Simply Streisand

A conversation on matters of the heart

Barbra Streisand interview Spring 2017

Barbra Streisand is one of the most celebrated individuals in the history of the entertainment industry. The voice alone is considered by many to be a singular sensation. Streisand has sold more albums in the United States than any other female recording artist. Her awards are sweeping: from Oscars and Emmys to Grammys and a Tony, along with the Presidential Medal of Freedom.   

Since the beginning of her career on the Broadway stage, Streisand has been a stalwart supporter of civil rights and humanitarian causes.

The well-known political activist and philanthropist has donated millions to a wide range of causes for social justice. Her activism dates back to the ’60s, at the start of her career. In 1965 she sang at the civil rights benefit “Broadway Answers Selma,” which featured special guest the Rev. Martin Luther King Jr.

Streisand embarked on a new mission, to bring gender equity to women in health care, when she learned that women were second-class citizens in medicine and research. To change that, in 2012 she created the Barbra Streisand Women’s Heart Center at Cedars-Sinai Medical Center in Los Angeles.

But she also wanted to raise awareness among women before they found themselves in the hospital, and she wanted to help drive policy change at every level — local, state and national. That’s why in 2014, she joined forces with businessman and philanthropist Ronald O. Perelman to found the Women’s Heart Alliance. Their mission is to prevent women from needlessly facing and dying from heart disease and stroke. WHA focuses on health differences between women and men, and promotes activities that spread knowledge and create change, whether working with local communities, college students, medical professionals or policymakers.   

In this special issue of Stanford Medicine on gender and bio­medicine, we were looking for a voice that would add distinction and passion to the subject. What better voice is there than Streisand’s? Executive editor Paul Costello and Barbra Streisand exchanged emails in this Q&A.   

Costello: Some readers may be surprised to see Barbra Streisand in a biomedical magazine, but you are a longtime advocate for gender equality in biomedical research and health care, including cardio­vascular disease. What led to this focus?   

Streisand: I am passionate about fighting gender discrimination in all forms and improving women’s lives, a commitment that goes back to my 40s when I made a movie based on Isaac Bashevis Singer’s story of Yentl, a young woman who has to pretend she’s a man to get an education. Initially, multiple studios turned me down. No one believed that a woman could direct or manage a budget. That fueled my determination to help women get the same chances in life as men.

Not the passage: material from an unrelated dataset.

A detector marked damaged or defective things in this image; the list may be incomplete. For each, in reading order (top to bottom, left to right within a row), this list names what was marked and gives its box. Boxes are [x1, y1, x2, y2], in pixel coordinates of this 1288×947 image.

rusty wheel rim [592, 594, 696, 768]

Many years later, I was staggered to learn about a problem called “Yentl syndrome,” a phrase coined by cardiologist and former director of the National Institutes of Health Bernadine Healy. Dr. Healy found that women experiencing heart attacks got worse care than men. Women’s heart attack symptoms often differ from men’s, but unless a woman presented with symptoms that looked like a man’s, too often, she was misdiagnosed or undertreated.

With heart disease, women aren’t getting the same chance in life, literally.Costello: How so? How would you describe the scope of the

problem?

Streisand: Most people are stunned to learn that cardiovascular disease is the No. 1 killer of women in the United States, claiming more women’s lives than all cancers combined. One in three women die of heart disease and stroke. That’s one woman almost every 80 seconds — reflecting gaps in awareness, prevention, diagnosis, treatment and support. African-American women are especially at risk. And rates of heart disease in younger women are climbing.

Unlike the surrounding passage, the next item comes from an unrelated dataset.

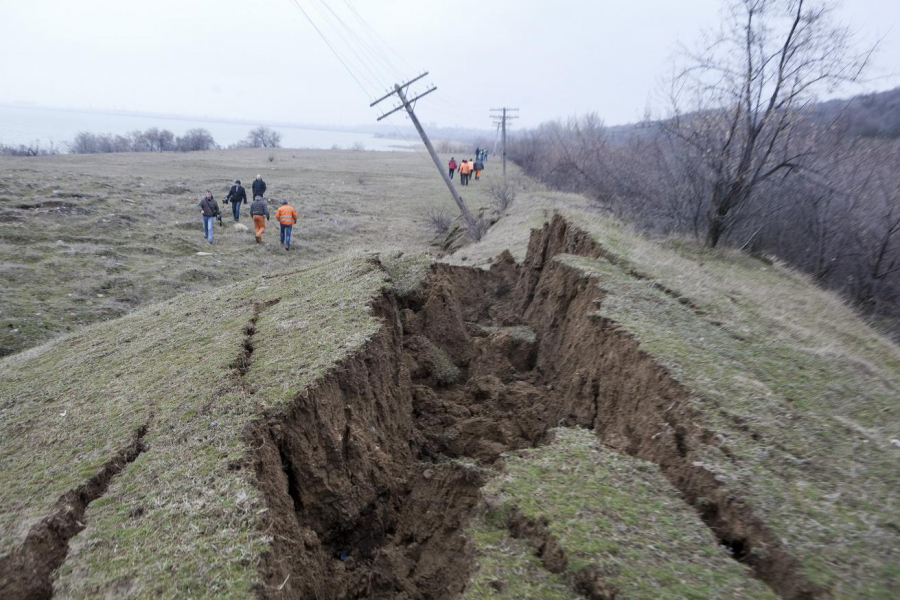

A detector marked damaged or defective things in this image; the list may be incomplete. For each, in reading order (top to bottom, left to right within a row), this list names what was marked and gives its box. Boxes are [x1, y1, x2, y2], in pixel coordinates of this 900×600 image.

So, CVD isn’t a “man’s disease.” This epidemic targets women, too. And its impact is exacerbated by the lack of knowledge and awareness among some medical professionals. For example, when women having heart attacks go to the emergency room, too often they do not receive the correct diagnostic tests or treatments. It’s common to hear stories of women experiencing a heart attack, receiving an antacid in the ER and being sent home.Costello: Why don’t more women know about their risk?

Streisand: One reason is that women aren’t encouraged to share their stories of heart disease, so we don’t realize how many people we know are affected. And, without that personal connection, it’s harder to rally a movement to fight it. But because we aren’t aware of the risk, we miss opportunities to safeguard ourselves and save the lives of women we love. It’s a devastating cycle.

That’s why one of our first WHA initiatives was a campaign to encourage every woman to get her heart checked — to talk with her doctor, know her risk factors, and learn how to fight and prevent heart disease and stroke.

But for those conversations to have their fullest impact, we need an enabling environment. That means improving access to and quality of care. It means curriculum reform in medical schools so that doctors and other health care professionals have a better understanding of women’s hearts. It means more research on sex differences in heart disease. And it means more support to help women take up and maintain the behaviors that will make a positive difference for their heart health.

WHA is working on all these fronts, and reaching out to every sector of society. We want to mobilize collective action on behalf of women’s lives.Costello: What do you mean by collective action?

Streisand: Improving heart health is everybody’s responsibility — because CVD is everybody’s problem. Beyond the human cost, there’s an economic toll as well. Nationwide, according to the American Heart Association, the annual costs of lost productivity due to CVD are $237 billion and growing.

Everyone has a part to play in turning this trend around. Employers can sponsor wellness programs at work; faith- and community-based organizations can help with outreach and engagement; local officials can promote heart-healthy development in their communities, such as walkable neighborhoods, public recreation space and farmers markets. Advancing women’s heart health is a team effort!

This February, the WHA launched an exciting new initiative called Cities/Communities with Heart that will address women’s heart health in mid-sized cities, using this collaborative model.

We’re starting in Nashville, Tennessee, where we’re working with Nashville’s wonderful mayor, Megan Barry; the health department, as well as the city’s many hospitals, health systems and clinics; academic institutions; business leaders; and faith-based and civic organizations.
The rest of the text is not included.